Assignment: Copy out every line of the data exactly; do not include the images.

Dataset extract:
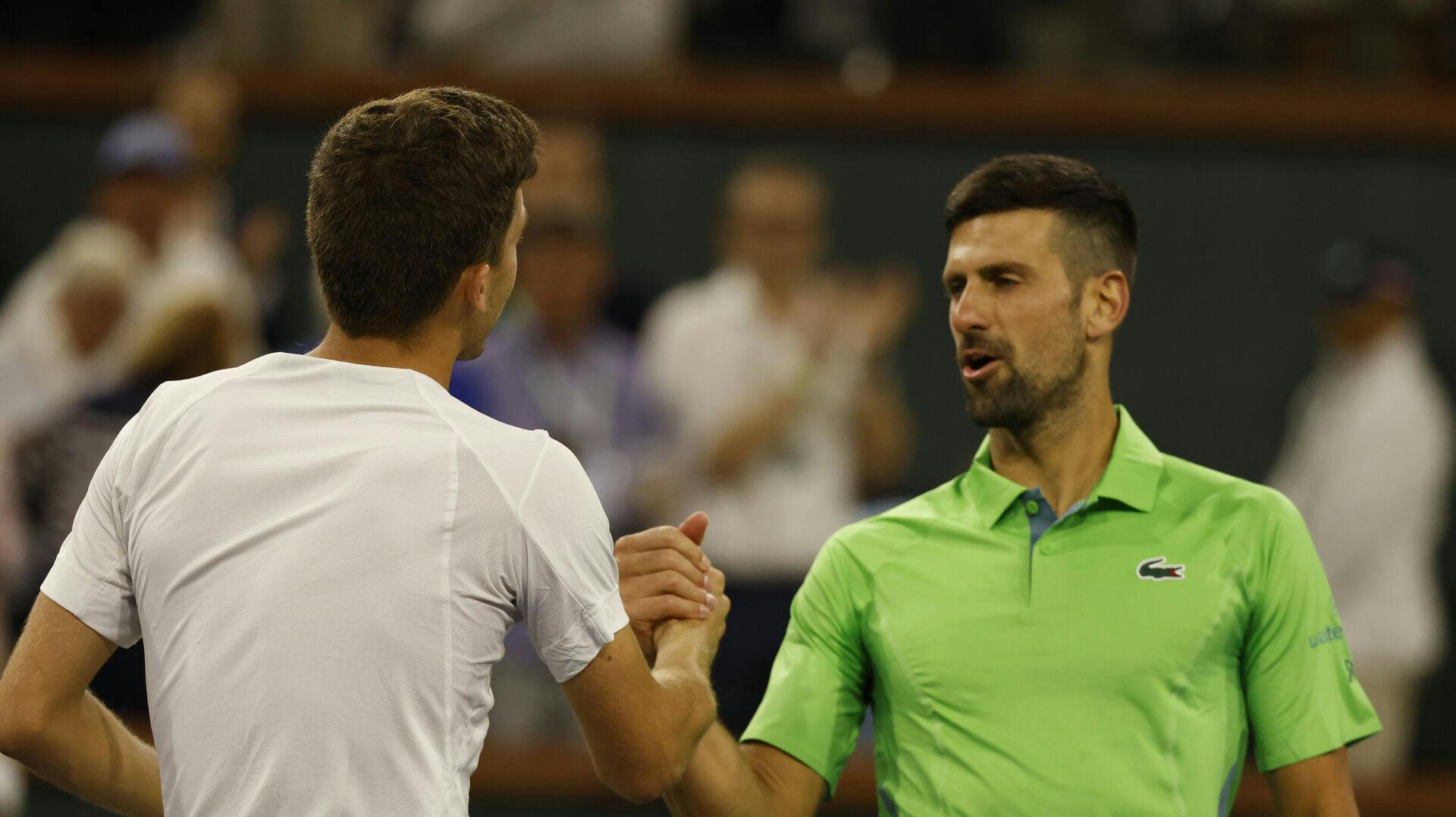 Luca Nardi bliver her lykønsket af Novak Djokovic efter den overraskende sejr.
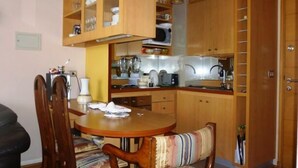 A compact kitchen with wooden cabinets, a dining table with chairs, and a microwave.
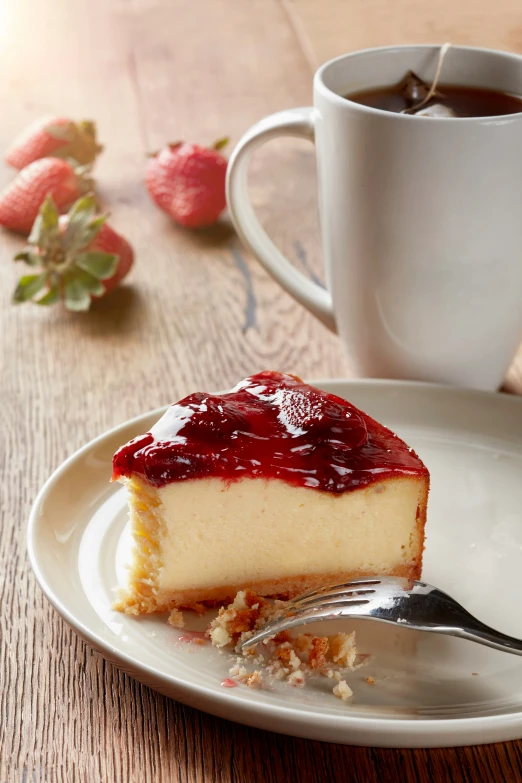 a piece of cheese cake sits on the plate near a cup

Task answer:
 Luca Nardi bliver her lykønsket af Novak Djokovic efter den overraskende sejr.
 A compact kitchen with wooden cabinets, a dining table with chairs, and a microwave.
 a piece of cheese cake sits on the plate near a cup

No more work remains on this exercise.